Summary:
1. Zyphra, AMD, and IBM collaborated to test AMD’s GPUs for large-scale AI model training, resulting in the creation of ZAYA1.
2. ZAYA1 is a Mixture-of-Experts model built entirely on AMD GPUs and networking, offering a viable alternative to NVIDIA for scaling AI.
3. The model was trained on AMD’s Instinct MI300X chips, Pensando networking, and ROCm software on IBM Cloud infrastructure, showcasing competitive performance and cost-effectiveness.
Article:
Zyphra, in conjunction with AMD and IBM, embarked on a year-long endeavor to evaluate the capabilities of AMD’s GPUs and platform for supporting large-scale AI model training. The culmination of their efforts is ZAYA1, a groundbreaking Mixture-of-Experts foundation model that challenges the industry’s reliance on NVIDIA for scaling AI operations.

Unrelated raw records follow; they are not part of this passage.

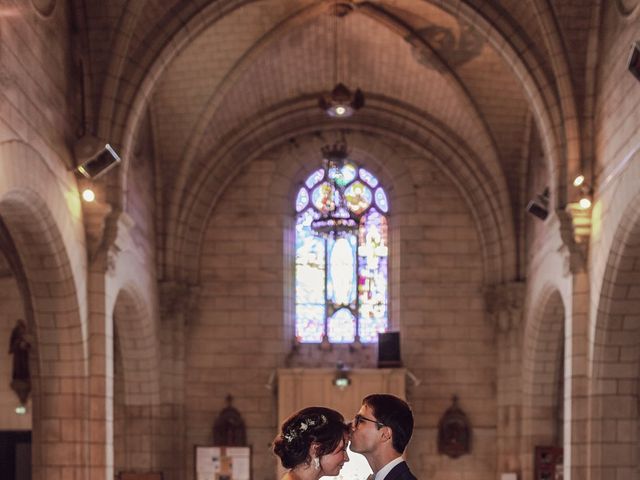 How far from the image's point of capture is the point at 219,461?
17.6m

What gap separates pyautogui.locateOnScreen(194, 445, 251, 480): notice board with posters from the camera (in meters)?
17.5

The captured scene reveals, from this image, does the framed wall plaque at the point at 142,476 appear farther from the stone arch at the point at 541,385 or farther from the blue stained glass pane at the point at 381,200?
the blue stained glass pane at the point at 381,200

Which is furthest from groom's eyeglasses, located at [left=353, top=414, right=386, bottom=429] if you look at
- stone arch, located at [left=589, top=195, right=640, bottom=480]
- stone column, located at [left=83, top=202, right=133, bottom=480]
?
stone column, located at [left=83, top=202, right=133, bottom=480]

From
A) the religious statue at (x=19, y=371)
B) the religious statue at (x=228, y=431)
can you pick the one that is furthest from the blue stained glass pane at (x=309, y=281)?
the religious statue at (x=19, y=371)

The collaborative effort saw ZAYA1 being trained on AMD’s Instinct MI300X chips, Pensando networking, and ROCm software, all deployed on IBM Cloud infrastructure. Noteworthy is the conventional setup employed by Zyphra, resembling an enterprise cluster but devoid of NVIDIA components. This approach signifies a significant milestone in providing a viable second option for businesses seeking to expand their AI capacity without compromising on performance.
ZAYA1’s performance is reported to be on par with, and in some aspects surpassing, established open models in reasoning, mathematics, and coding. The model’s architecture, leveraging compressed attention, refined routing systems, and residual scaling, showcases its capability to compete with larger peers such as Qwen3-4B and Gemma3-12B. Additionally, the model’s Mixture-of-Experts structure enables efficient memory management during inference and reduces serving costs.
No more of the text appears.